Well, I don't know about Sweden, but eSports will certainly never catch on in the USA. There are far too many hurdles. The example you gave of Korea doesn't really apply. SC became popular in Korea through a very specific set of circumstances that won't be replicated anywhere else. PC bangs, the televised game Go as the infrastructure... we have nothing like that. Everything in the US is spread out, too, so something has to have crazy mass-appeal to penetrate the national market. Video games do not. There's still a stigma behind them that probably won't disappear for another 70 years or so. So, it will never catch in with the "masses."
But, so what? Why does everyone want eSports to grow in the first place? I've never understood that. It's small and awesome. What more do you want?
These threads make no sense to me. I don't want to speak for anyone else, but the goal for e-sports in my mind shouldn't be to become mainstream and have it on TV and fill stadiums and all that stuff. What's wrong with the way it is now? What's broken that we need to fix?
On May 29 2011 02:45 ander wrote: These threads make no sense to me. I don't want to speak for anyone else, but the goal for e-sports in my mind shouldn't be to become mainstream and have it on TV and fill stadiums and all that stuff. What's wrong with the way it is now? What's broken that we need to fix?
yeah my thoughts. why should i watch dumbed down for the average guy commercial infested mainstream stuff when there is already more content out there then i can watch.
so i can say "im not a nerd! starcraft is on tv ! "?
sc2 blew up beyond expectations and for me it already went to far in some aspects. i watch less cause there is too much content. you cant follow the scene without putting tons of hours in just to watch and read up the important stuff. in addition lot of the flavour is gone and people change cause the want to be more "professional".
tv/real mainstream will only change things for the worse for absolutely zero benefit for anyone here except maybe some lolfame and more money for the few top casters and players.
So the point is e-sports will be replaced by e-sports. I am not disappointed by this news master prophet. It's always cute to see someone with the confidence to predict the future. I'd imagine if I was a girl I would be wet right now.

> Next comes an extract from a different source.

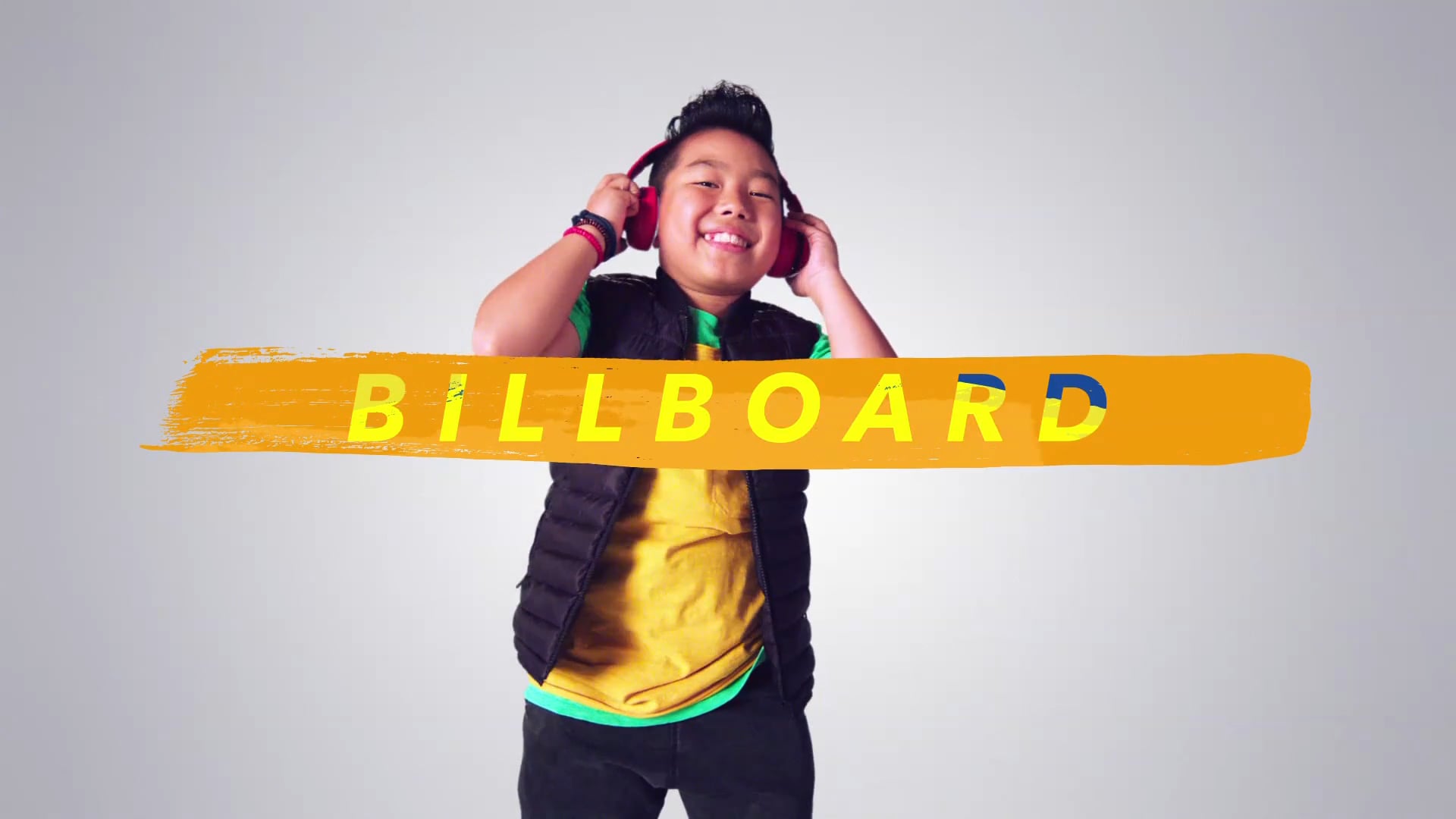 Billboard Music Awards 2017 - Dancing Kid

lol. Always interesting to find people who come into threads to deliberately act like douchebags. Also, you are missing the point entirely. Sure, your video game nerd mind might not notice the difference when they replace your SC2 with CoD 2348230434, but some of us care about certain games more than others. And if esports are ever to become anything more than an extremely niche market, certain games need staying power.

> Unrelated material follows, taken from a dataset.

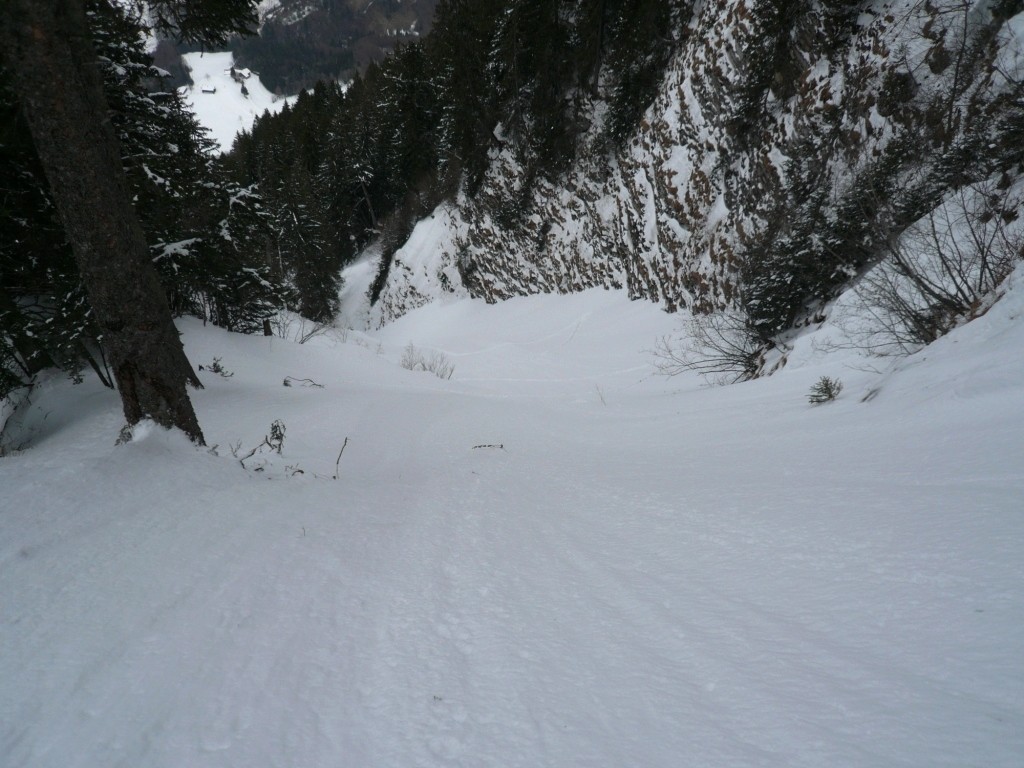 Le haut du couloir, bien chargé de neige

You are absolutely right I deliberately act like a douche bag to people who deserve it. If you are going to predict the outcome of future events for the rest of humans, please put some effort and inject some logic into it. As for the rest of what you said, it doesn't make sense to me similar to the OP.
Video games were invented within the last 20 years, a lot of people don't even know they exist and your prophetic visions don't seem to account for this. Or the fact that video games as a whole has only increased in popularity and esports has been around for like only five years? And you can already tell how it will end? Can you please also tell me also which political party will be most powerful in 2054?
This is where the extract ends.